Strategy’s most recent purchase before the pause came on April 27, when it bought 3,273 BTC for roughly $255 million at an average price of $77,906 per coin. That brought total holdings to 818,334 BTC.
At the time of writing, Strategy’s Bitcoin stash is worth approximately $66.15 billion, with an average cost basis of $75,537 per BTC — putting the position up about 7.6%.
Community Reaction Was Mixed
Not everyone in the Bitcoin community reacted the same way to the dividend-sale plan. Strategy investor Adam Livingston argued that periodic sales would actually be good for the treasury long-term, helping finance future BTC purchases.
Bitcoin advocate Samson Mow said the ability to sell gives Strategy more flexibility in financial markets.
Others pushed back harder. Some on social media argued the model could create a “doom loop,” where BTC sales to fund credit instrument dividends put downward pressure on spot Bitcoin prices.

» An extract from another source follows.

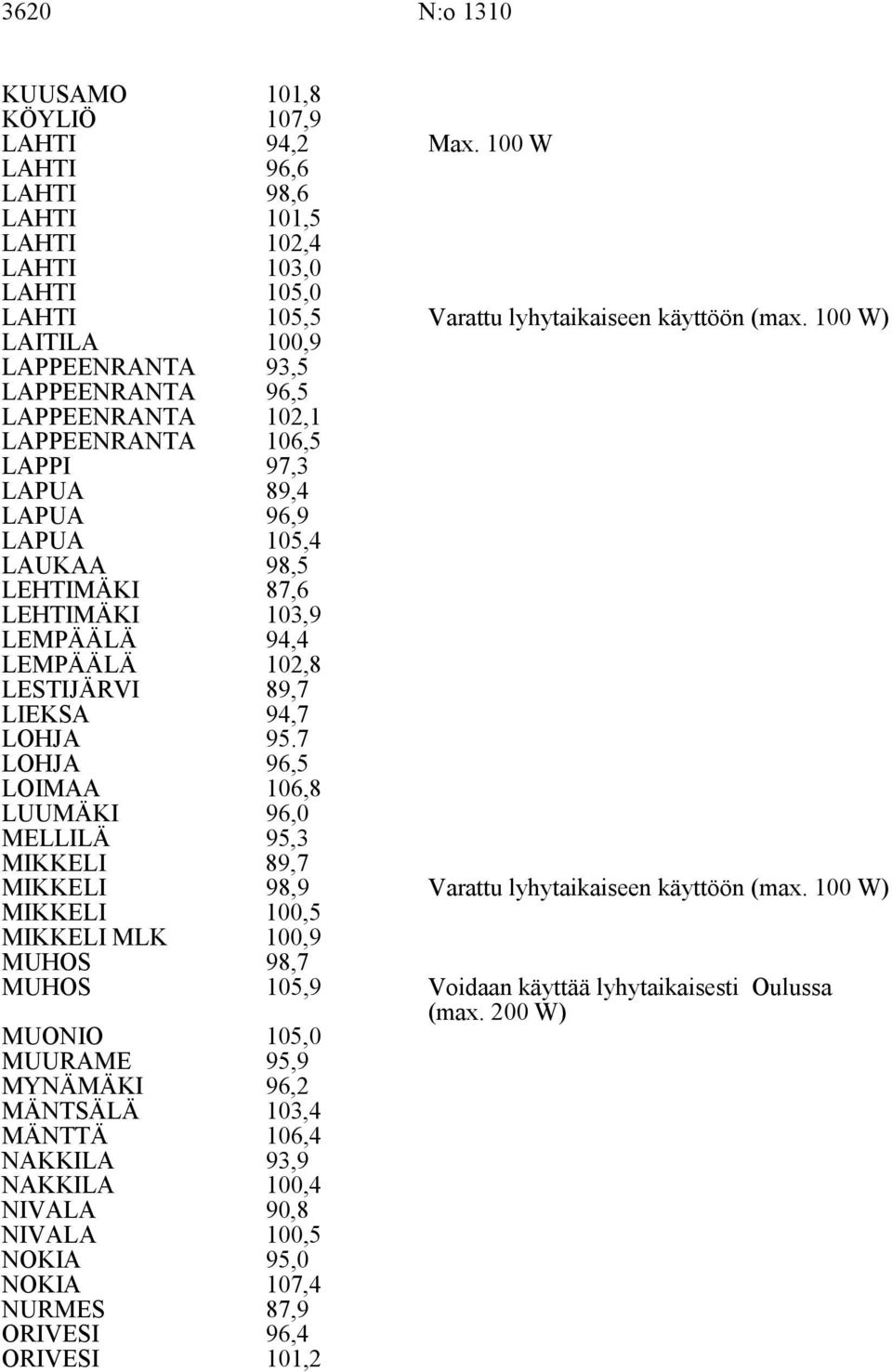 LESTIJÄRVI 89,7 LIEKSA LOHJA 94,7 9.7 LOHJA 96, LOIMAA LUUMÄKI 6,8 96,0 MELLILÄ 9, MIKKELI MIKKELI 89,7 98,9 Varattu lyhytaikaiseen käyttöön (max.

CEO Phong Le pushed back on that framing. He told CNBC that Strategy’s buying and selling activity doesn’t meaningfully move Bitcoin’s price.
CEO Downplays Market Impact
Le pointed out that Bitcoin sees more than $60 billion in daily trading volume. Strategy’s annual dividend obligations tied to its credit products total around $1.5 billion — a fraction of that daily volume.
“I don’t think we’re driving the price up or down,” Le said.
He also clarified that any BTC sales would only happen in specific cases: covering dividend payments and deferring taxes.
Strategy raised about $82 million through an MSTR at-the-market stock offering before the earnings pause. At the time, that sum could have covered roughly 1,000 BTC, but the company held off on any purchase.
The most recent acquisition — the 3,273 BTC buy on April 27 — was itself a sharp slowdown from the $2.54 billion purchase made on April 20. Strategy has been consistently stacking Bitcoin throughout April, and the market had already begun to notice the deceleration before the pause.
Strategy currently holds approximately 4% of the total Bitcoin supply in circulation.